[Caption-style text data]

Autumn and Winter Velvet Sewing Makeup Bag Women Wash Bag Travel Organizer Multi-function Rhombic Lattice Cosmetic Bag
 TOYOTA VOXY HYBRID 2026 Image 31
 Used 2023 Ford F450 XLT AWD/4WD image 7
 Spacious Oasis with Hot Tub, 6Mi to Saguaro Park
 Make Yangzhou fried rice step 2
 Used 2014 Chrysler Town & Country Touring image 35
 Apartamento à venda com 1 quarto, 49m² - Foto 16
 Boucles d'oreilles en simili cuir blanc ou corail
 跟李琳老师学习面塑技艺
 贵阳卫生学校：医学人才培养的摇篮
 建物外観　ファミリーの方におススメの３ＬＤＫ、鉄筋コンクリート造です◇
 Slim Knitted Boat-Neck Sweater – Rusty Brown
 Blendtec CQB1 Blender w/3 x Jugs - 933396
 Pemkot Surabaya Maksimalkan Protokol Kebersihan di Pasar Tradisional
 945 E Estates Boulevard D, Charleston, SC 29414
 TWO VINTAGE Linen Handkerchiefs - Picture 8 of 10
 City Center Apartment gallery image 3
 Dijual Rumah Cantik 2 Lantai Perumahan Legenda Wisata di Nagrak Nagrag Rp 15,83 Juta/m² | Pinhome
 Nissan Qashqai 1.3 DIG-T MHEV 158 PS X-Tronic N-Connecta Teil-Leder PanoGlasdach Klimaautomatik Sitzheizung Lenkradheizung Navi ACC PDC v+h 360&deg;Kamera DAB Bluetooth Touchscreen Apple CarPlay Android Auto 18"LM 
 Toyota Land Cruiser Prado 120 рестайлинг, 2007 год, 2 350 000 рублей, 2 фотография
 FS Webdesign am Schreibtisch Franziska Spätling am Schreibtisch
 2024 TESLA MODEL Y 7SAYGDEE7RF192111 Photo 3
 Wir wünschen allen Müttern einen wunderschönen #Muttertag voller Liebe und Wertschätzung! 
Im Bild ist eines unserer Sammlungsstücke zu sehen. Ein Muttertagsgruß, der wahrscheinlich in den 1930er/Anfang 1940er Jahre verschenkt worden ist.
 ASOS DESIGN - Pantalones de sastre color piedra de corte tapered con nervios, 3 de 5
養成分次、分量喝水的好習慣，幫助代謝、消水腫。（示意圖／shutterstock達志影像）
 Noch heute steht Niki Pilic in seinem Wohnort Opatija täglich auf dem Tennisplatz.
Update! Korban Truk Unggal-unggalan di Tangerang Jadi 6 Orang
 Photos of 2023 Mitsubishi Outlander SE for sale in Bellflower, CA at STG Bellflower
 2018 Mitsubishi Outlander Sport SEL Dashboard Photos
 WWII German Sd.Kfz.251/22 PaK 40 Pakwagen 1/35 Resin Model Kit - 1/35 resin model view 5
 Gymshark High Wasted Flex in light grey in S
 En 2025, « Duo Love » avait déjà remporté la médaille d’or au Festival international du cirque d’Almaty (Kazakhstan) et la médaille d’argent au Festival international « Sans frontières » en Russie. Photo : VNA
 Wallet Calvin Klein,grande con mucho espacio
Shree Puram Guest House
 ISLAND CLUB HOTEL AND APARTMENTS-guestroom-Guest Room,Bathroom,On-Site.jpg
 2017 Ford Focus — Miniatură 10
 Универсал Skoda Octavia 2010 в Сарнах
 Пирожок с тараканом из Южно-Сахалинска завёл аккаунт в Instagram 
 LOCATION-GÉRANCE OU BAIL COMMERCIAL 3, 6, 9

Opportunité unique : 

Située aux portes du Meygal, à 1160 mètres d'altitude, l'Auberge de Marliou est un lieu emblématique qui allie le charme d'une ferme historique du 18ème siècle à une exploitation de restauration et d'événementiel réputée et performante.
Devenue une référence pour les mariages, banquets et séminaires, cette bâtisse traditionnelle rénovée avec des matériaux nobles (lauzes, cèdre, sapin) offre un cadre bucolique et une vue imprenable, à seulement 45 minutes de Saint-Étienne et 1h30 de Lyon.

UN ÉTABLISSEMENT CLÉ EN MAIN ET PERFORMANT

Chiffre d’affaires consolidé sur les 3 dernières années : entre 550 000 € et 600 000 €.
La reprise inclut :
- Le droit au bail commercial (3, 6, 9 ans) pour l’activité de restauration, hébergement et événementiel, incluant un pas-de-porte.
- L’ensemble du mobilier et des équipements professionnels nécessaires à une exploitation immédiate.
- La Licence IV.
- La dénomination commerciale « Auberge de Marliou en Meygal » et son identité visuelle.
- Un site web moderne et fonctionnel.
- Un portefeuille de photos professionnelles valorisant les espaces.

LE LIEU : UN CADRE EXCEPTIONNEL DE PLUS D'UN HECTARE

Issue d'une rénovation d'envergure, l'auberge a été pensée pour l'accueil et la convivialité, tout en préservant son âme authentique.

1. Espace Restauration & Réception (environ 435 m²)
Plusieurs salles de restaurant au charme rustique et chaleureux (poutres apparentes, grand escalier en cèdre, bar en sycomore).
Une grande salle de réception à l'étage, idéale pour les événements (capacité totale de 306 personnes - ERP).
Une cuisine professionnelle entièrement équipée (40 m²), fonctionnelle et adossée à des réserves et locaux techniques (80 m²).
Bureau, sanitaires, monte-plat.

What you need to do >>
Gather and copy every line of the data in which the string "Guest" is found.

Response area >>
Shree Puram Guest House
 ISLAND CLUB HOTEL AND APARTMENTS-guestroom-Guest Room,Bathroom,On-Site.jpg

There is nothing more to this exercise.